# WHERE is my Thread?  Maybe it failed Validation or Maybe it's already on page 2.



## The DVC R/T board

*If you can't find the thread you submitted on the Rent/Trade board, it may not have been validated because it did not meet posting requirements.*

All new threads, when submitted for posting, go first to a *Moderation Queue *for validation.  If the thread title and content all meet R/T board requirements, the thread is validated and then appears on the R/T board.  

The Status of all threads submitted within the past 7-days is shown in the  *Thread Status Report.  *The status report will indicate if your thread posted or not, and if not, the reason it didn't post.

If your thread was validated but you can't find it, please note that due to the volume of new threads each day, combined with older threads being bumped, it's not uncommon for threads to drop to the second page quickly. Be sure to check all appropriate pages of the forum.

If the status report shows your thread was validated, do not make additional thread submission. Subsequent submissions will be rejected if there is already an *Active Post *(coded AP) already on the board.

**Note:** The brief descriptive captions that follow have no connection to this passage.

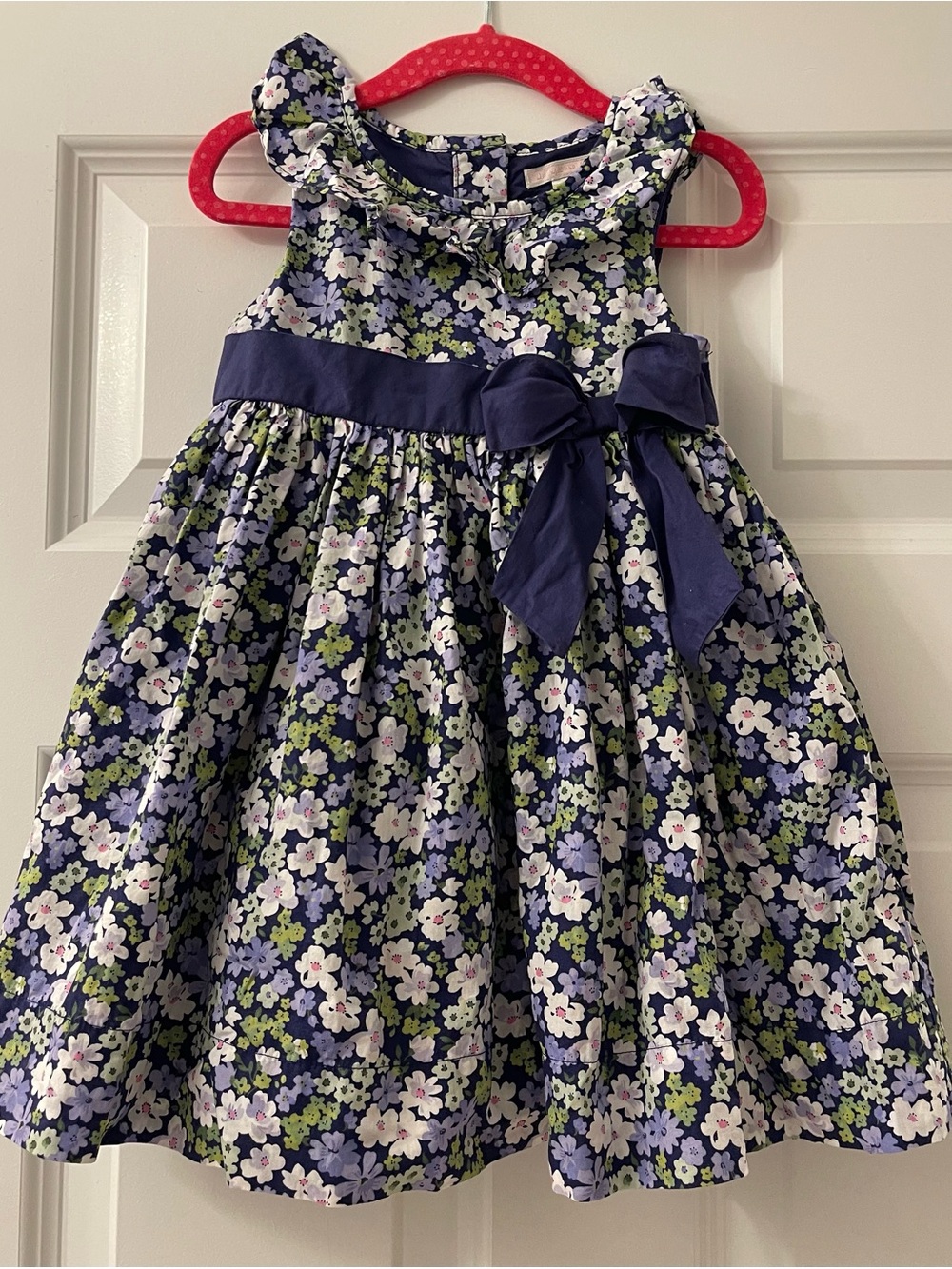 Vintage Janie and Jack Violet Meadows dress 18-24mo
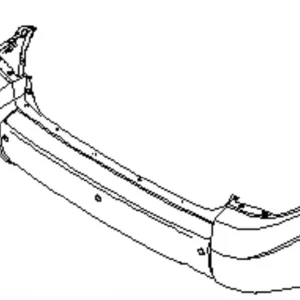 Zderzak tylny Hyundai Do wyczerpania zapasów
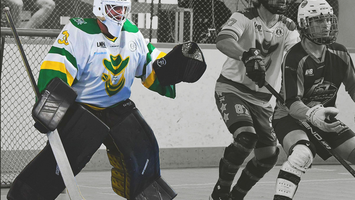 DEK HOCKEY GOALIE: AN ENTIRELY DIFFERENT SPORT!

*Please allow up to 24 hours for your thread to be validated and to appear on the board or in the Status Report.*
*
NOTE:  If your thread is rejected (not validated), it is removed from the Moderation Queue and no one will ever see it.  You will NOT be notified that your thread did not pass validation.  You can check for yourself on the Status Report thread mentioned earlier.*

Rent/Trade posting requirements are clearly explained in the several 'sticky' Informational Posts at the top of the board.  This is required reading *BEFORE *posting to the board.  Failure to plan and post correctly on your part will result in your thread never being validated and posted.  

The majority of threads that are not validated fail because they do not meet the Title Lead-In requirements.  You can check the Lead-In title requirements *HERE.  *
* NOTE: Lead-in titles are checked automatically by software and automatically rejected if they do not match one of the approved lead-in's, so be careful not to make any typing or spelling errors.*  Example: "Points for Rent:" would be validated, but "Pointsfor Rent: or Points for Reent" would not.  _One of the most common 'bad titles' errors is using the word 'Needed' instead of 'Wanted', for example saying "Reservation Needed" which is not an approved title instead of using "Reservation Wanted" which is an approved title._

There are also other additional posting requirements that will cause a thread to fail validation.  These include how many confirmed reservations you may offer for rent, how far in advance you may offer them, and how many total you can list within any specific calendar year.

*Once your thread has posted, you must maintain it.*  Full requirements are explained in the board's *Posting Rules.  Failure to maintain your thread will result in it being locked.  Once a user has two threads in the same category group locked for non-maintenance, they may no longer post a thread within that same category group for the remainder of the calendar year.  Subsequent submissions are coded Lock Limit (LL) and will not post.*

If you need to ask about your submission, send a PM to one of the Rent/trade board moderators listed.  *Do Not *send a PM to the OP of this thread ("The DVC R/T board") as that is not an actual person and PM's to that 'address' are not monitored.

*Reminder: Before sending a PM to one of the moderators, if you made a thread submission within the past 7 days, be sure to check the 'sticky' Status thread which shows which threads passed validation and posted, and which did not.*


----------